**Your task**
For this exercise, copy exactly only the lines from the one containing "Let's go ahead" to the final line of the material below, without the pictures.
Top of Collected data
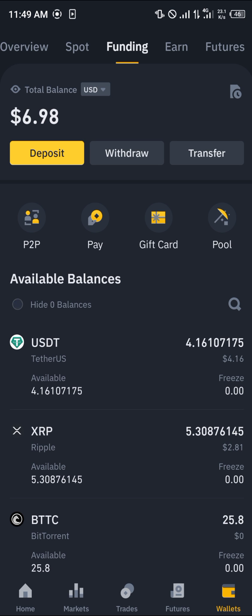So guys, that's how you can simply convert your BUSD to USDT in the Binance app. Do comment down below if you've got any questions and you'll be given an answer. Thank you.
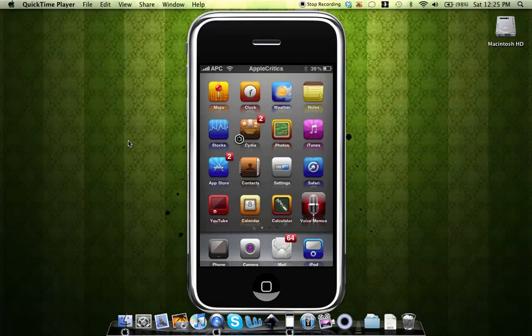Hey guys, what's up? This is going to be my video on how to run Windows 95 on your iPhone or iPod Touch.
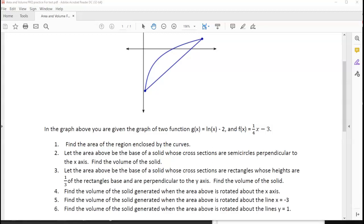Let's go ahead and go through number four through six now. For number four, we are finding the volume of a solid generated when that area above is rotated around the x-axis. The way that we go ahead and do this is you want to start by understanding the difference between the washer method and the disk method.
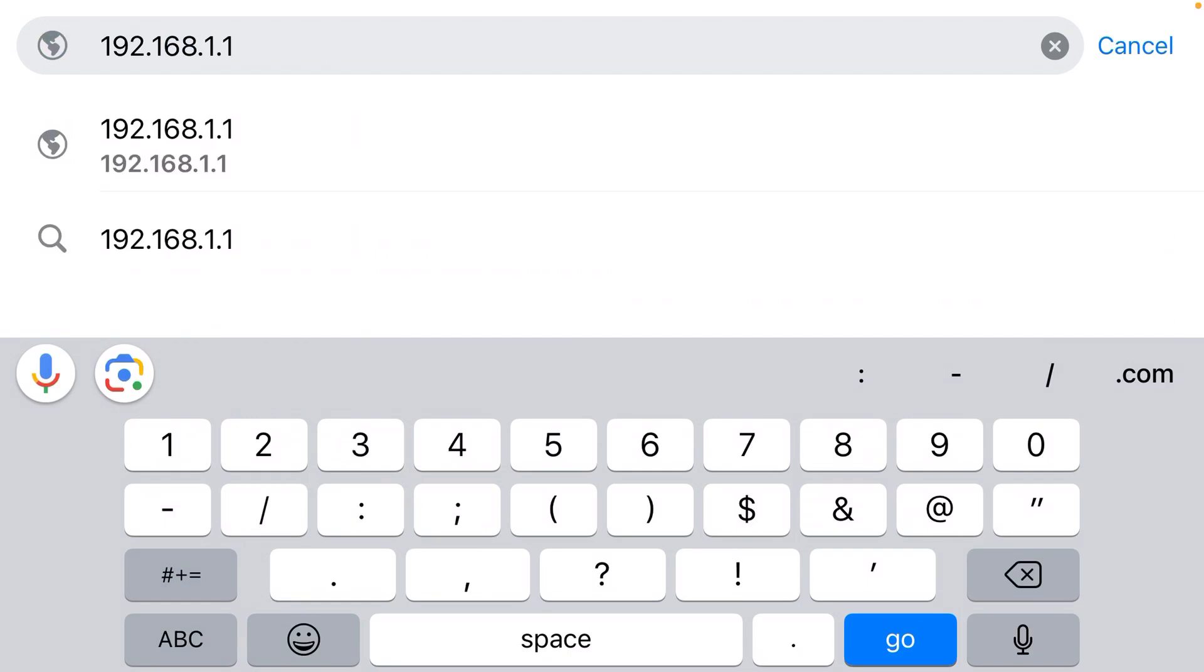Don't forget that final dot one—that will show you the login page for your router. The default username is likely going to be admin, the default password is also likely admin, and from there you can change the name of your Wi-Fi network and all the other settings.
Bottom of Collected data
**Result**
Let's go ahead and go through number four through six now. For number four, we are finding the volume of a solid generated when that area above is rotated around the x-axis. The way that we go ahead and do this is you want to start by understanding the difference between the washer method and the disk method.
Don't forget that final dot one—that will show you the login page for your router. The default username is likely going to be admin, the default password is also likely admin, and from there you can change the name of your Wi-Fi network and all the other settings.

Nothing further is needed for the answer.